R: Regression with a holdout of certain variables

Question

I'm doing a multi-linear regression model using lm(), Y is response variable (e.g.: return of interests) and others are explanatory variable (100+ cases, 30+ variables).

There are certain variables which are considered as key variables (concerning investment), when I ran the lm() function, R returns a model with adj.r.square of 97%. But some of the key variables are not significant predictors.

Is there a way to do a regression by keeping all of the key variables in the model (as significant predictors)? It doesn't matter if the adjusted R square decreases.

If the regression doesn't work, is there other methodology?

thank you!

==========================

the data set is uploaded https://www.dropbox.com/s/gh61obgn2jr043y/df.csv

==========================

additional questions: what if some variables have impact from previous period to current period? Example: one takes a pill in the morning when he/she has breakfast and the effect of pills might last after lunch (and he/she takes the 2nd pill at lunch) I suppose I need to take consideration of data transformation. * My first choice is to plus a carry-over rate: obs.2_trans = obs.2 + c-o rate * obs.1 * Maybe I also need to consider the decay of pill effect itself, so a s-curve or a exponential transformation is also necessary.

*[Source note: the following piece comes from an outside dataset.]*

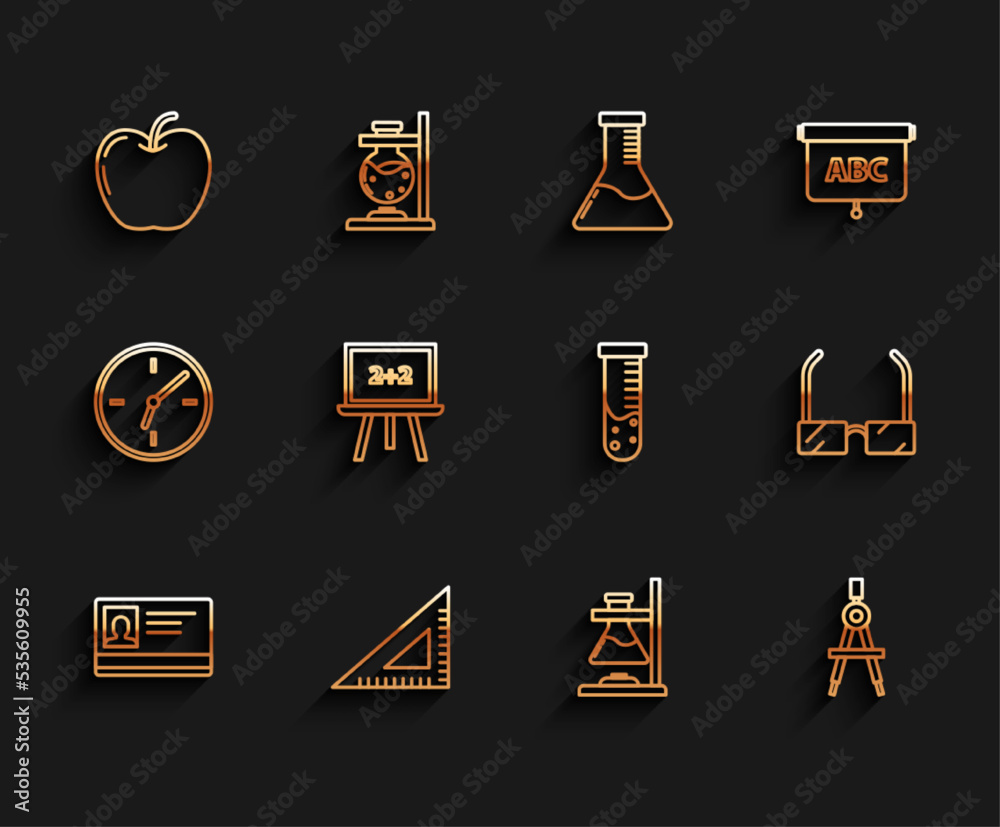 Poster Set line Identification badge, Triangular ruler, Apple, Glass test tube flask fire, Drawing compass, Chalkboard, Glasses and Test and chemical laboratory icon. Vector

take variable main1 for example, I can use try-out method to get an ideal c-o rate and s-curve parameter starting from 0.5 and testing by step of 0.05, up to 1 or down to 0, until I get the highest model score - say, lowest AIC or highest R square. This is already a huge quantity to test. If I need to test more than 3 variables in the same time, how could I manage that by R?

Thank you!

jlhoward · Accepted Answer

First, a note on "significance". For each variable included in a model, the linear modeling packages report the likelihood that the coefficient of this variable is different from zero (actually, they report p=1-L). We say that, if L is larger (smaller p), then the coefficient is "more significant". So, while it is quite reasonable to talk about one variable being "more significant" than another, there is no absolute standard for asserting "significant" vs. "not significant". In most scientific research, the cutoff is L>0.95 (p<0.05). But this is completely arbitrary, and there are many exceptions. recall that CERN was unwilling to assert the existence of the Higgs boson until they had collected enough data to demonstrate its effect at 6-sigma. This corresponds roughly to p < 1 × 10^-9. At the other extreme, many social science studies assert significance at p < 0.2 (because of the higher inherent variability and usually small number of samples). So excluding a variable from a model because it is "not significant" really has no meaning. On the other hand you would be hard pressed to include a variable with high p while excluding another variable with lower p.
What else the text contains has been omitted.